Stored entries
*** Block opens ***

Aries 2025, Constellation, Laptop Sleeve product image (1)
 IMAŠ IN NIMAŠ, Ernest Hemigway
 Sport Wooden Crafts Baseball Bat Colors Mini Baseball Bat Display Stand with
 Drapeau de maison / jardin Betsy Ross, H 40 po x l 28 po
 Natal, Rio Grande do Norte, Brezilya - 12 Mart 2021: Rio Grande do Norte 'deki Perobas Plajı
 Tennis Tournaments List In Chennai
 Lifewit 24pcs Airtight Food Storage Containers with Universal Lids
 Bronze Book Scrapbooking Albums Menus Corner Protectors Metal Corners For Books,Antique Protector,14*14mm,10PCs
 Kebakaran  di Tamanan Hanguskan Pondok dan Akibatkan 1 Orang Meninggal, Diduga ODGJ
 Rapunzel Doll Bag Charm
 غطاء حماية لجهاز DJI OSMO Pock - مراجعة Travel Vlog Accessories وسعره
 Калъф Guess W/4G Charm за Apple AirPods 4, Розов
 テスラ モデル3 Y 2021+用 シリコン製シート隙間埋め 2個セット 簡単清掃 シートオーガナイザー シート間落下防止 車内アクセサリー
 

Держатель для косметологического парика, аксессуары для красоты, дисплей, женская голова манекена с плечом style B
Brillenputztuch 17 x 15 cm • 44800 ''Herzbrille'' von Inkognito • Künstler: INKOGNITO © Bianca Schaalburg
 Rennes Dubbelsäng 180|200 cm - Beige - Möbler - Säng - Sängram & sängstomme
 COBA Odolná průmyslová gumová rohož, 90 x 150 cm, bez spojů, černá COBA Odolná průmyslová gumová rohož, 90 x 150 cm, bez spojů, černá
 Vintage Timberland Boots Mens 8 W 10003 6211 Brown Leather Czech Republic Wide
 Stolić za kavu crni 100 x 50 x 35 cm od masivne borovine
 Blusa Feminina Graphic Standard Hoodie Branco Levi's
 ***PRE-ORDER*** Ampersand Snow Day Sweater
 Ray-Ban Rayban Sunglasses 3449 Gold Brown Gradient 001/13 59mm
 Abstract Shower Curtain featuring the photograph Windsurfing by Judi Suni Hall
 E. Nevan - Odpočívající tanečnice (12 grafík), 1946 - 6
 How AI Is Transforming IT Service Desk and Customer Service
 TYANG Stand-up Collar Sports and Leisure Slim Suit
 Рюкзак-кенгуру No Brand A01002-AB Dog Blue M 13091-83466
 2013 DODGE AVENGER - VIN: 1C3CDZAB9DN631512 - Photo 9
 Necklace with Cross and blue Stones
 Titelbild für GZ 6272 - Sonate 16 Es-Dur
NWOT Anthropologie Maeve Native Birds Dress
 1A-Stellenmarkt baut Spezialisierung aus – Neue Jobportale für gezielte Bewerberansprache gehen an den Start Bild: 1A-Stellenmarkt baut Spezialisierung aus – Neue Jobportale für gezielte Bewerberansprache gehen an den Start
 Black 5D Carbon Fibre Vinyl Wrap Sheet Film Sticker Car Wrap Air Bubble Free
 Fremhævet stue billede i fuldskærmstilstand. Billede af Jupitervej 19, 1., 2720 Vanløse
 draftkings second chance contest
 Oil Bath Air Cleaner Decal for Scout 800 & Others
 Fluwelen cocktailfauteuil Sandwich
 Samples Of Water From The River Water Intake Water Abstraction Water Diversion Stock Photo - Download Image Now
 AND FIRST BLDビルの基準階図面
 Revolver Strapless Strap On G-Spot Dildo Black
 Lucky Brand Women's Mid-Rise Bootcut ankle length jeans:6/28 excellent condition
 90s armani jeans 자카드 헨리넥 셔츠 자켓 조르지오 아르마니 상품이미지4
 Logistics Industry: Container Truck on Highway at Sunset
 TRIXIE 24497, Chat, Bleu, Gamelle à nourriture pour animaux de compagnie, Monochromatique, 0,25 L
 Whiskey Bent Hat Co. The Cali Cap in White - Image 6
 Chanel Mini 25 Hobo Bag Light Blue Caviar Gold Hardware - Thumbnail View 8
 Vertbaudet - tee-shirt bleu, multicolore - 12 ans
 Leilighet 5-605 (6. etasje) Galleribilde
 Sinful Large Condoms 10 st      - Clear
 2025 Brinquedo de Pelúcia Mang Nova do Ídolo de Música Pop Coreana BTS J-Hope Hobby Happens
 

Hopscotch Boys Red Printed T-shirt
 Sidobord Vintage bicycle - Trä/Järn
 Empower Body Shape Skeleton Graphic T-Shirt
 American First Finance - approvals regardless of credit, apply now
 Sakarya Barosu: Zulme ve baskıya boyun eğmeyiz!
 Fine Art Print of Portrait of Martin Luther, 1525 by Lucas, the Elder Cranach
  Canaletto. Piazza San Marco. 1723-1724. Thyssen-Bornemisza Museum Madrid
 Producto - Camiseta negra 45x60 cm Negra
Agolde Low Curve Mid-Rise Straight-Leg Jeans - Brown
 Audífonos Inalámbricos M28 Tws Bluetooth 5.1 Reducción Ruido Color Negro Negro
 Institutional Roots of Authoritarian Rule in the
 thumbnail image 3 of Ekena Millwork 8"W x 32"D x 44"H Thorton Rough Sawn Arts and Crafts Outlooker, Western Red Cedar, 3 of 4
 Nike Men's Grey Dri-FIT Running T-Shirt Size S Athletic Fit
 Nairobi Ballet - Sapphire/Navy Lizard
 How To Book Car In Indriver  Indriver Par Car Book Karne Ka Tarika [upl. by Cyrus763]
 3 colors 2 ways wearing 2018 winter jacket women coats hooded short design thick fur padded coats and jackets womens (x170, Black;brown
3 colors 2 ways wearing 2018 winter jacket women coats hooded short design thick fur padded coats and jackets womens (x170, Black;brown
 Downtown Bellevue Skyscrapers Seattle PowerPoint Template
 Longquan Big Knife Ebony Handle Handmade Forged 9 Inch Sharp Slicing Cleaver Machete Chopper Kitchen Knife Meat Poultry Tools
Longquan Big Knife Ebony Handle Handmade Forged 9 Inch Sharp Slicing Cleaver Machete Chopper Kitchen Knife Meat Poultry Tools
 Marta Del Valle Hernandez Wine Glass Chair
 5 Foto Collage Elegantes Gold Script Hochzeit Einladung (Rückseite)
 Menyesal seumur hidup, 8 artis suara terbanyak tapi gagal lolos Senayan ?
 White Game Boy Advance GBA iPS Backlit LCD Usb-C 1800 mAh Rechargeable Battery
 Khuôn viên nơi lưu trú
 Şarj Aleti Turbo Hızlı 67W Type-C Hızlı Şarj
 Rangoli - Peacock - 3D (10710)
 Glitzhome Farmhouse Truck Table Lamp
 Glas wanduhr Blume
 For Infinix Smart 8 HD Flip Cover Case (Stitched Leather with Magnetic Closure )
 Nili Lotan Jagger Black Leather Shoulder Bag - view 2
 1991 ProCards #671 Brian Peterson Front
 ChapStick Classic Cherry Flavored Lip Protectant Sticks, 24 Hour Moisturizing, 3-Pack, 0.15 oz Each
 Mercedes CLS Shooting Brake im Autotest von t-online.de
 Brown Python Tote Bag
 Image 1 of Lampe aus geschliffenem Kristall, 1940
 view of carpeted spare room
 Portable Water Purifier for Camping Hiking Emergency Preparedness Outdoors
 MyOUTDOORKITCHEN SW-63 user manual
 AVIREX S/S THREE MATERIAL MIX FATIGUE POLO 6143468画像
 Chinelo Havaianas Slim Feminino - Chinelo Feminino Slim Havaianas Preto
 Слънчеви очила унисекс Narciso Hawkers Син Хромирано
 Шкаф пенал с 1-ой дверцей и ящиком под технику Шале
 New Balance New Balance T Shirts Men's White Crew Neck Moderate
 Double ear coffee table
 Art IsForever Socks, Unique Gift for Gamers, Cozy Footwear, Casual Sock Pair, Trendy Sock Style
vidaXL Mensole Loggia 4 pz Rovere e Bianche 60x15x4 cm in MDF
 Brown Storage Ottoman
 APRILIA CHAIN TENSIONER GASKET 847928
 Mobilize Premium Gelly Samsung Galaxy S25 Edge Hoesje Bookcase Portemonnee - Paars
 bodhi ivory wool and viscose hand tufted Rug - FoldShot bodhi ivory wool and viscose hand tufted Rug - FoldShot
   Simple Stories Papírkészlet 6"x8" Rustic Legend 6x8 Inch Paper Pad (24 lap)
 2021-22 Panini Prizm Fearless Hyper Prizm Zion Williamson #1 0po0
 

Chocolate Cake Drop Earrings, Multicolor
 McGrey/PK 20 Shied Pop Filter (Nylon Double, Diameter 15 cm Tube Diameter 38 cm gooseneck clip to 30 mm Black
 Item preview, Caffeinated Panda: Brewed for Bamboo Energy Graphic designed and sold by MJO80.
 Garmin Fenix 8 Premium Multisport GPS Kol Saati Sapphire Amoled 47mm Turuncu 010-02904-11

*** Block closes ***

WORK TO BE COMPLETED — Nothing but the lines from the one that contains "Art IsForever Socks, Unique" through the end of the data above should appear, each reproduced exactly.

THE ANSWER —
 Art IsForever Socks, Unique Gift for Gamers, Cozy Footwear, Casual Sock Pair, Trendy Sock Style
vidaXL Mensole Loggia 4 pz Rovere e Bianche 60x15x4 cm in MDF
 Brown Storage Ottoman
 APRILIA CHAIN TENSIONER GASKET 847928
 Mobilize Premium Gelly Samsung Galaxy S25 Edge Hoesje Bookcase Portemonnee - Paars
 bodhi ivory wool and viscose hand tufted Rug - FoldShot bodhi ivory wool and viscose hand tufted Rug - FoldShot
   Simple Stories Papírkészlet 6"x8" Rustic Legend 6x8 Inch Paper Pad (24 lap)
 2021-22 Panini Prizm Fearless Hyper Prizm Zion Williamson #1 0po0
 

Chocolate Cake Drop Earrings, Multicolor
 McGrey/PK 20 Shied Pop Filter (Nylon Double, Diameter 15 cm Tube Diameter 38 cm gooseneck clip to 30 mm Black
 Item preview, Caffeinated Panda: Brewed for Bamboo Energy Graphic designed and sold by MJO80.
 Garmin Fenix 8 Premium Multisport GPS Kol Saati Sapphire Amoled 47mm Turuncu 010-02904-11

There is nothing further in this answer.